Things I got wrong Flashcards
(21 cards)
How many variables’ distributions are shown in a histogram?
1
What is JSONL?
JSON lines. Used to encode JSON objects with each in a separate line.
What is Parquet?
A columnar data format which is well suited to batch data processing
What is a scatter plot useful for?
Testing the correlation between two continuous variables
What is the main use of Managed Service for Apache Kafka?
Transfer data between different applications and systems
Can EFS be used outside of EC2 instances?
No
What is FSx for Lustre good for with regards to Sagemaker?
Distributed training. Works well due to its high performance
Is Ground Truth using humans or machines to do the labelling?
Both!
Do you change data’s format first or filter it first?
You filter it first, then change the format
What does the “difference in proportions of labels” metric tell you?
The difference in the proportions of positive and negative labels between 2 groups.
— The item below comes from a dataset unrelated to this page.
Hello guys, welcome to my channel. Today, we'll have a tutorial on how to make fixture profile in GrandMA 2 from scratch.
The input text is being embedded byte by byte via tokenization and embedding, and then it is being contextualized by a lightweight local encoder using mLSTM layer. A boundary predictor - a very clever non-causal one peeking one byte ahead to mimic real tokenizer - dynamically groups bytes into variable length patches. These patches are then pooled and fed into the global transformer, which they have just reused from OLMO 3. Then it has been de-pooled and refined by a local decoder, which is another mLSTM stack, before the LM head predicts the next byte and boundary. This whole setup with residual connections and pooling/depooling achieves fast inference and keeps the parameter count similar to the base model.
For example, identify how much the predicted churn changes between different demographics to be aware of potential biases
What does Cramer’s V tell you?
The association between two categorical variables
What type of splitting is used when there is a date or time series?
Ordered splitting. This means that the model only has access to historical data, otherwise it wouldn’t make sense to ask it to predict for dates it already knows
What does Spearman’s rank correlation tell you and when should it be used?
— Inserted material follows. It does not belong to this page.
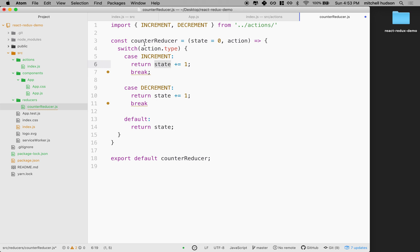But anyway, this is essentially like our setup for our counter, our counter reducer. So anyway, thanks for watching.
To find the strength and direction of the relationship between two monotonic variables. Doesn’t assume a distribution
Why might SageMaker processing jobs be advantageous over Glue for ML workloads?
SM processing jobs integrate w/ ML libraries like Tensorflow
What is the purpose of Sagemaker batch transform?
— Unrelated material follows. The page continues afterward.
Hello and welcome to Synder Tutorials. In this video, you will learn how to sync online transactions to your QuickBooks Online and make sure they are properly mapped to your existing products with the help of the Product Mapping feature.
Allows you to perform inference on large datasets without having to maintain a persistent endpoint
What is the maximum processing time of Sagemaker serverless?
60 seconds
What is random cut forest used for?
Anomaly detection in high-dimensional data, such as time series or multivariate data
Do VPC gateway endpoints allow data transfer across regions? What about interface endpoints?
Gateway: no, Interface: yes
What is the purpose of Sagemaker IP insights?
Identify IPs that deviate from normal patterns through the analysis of historical logs
Do S3 access points have authentication or access control?
No
What is Sagemaker DeepAR algorithm used for?
Time series forecasting only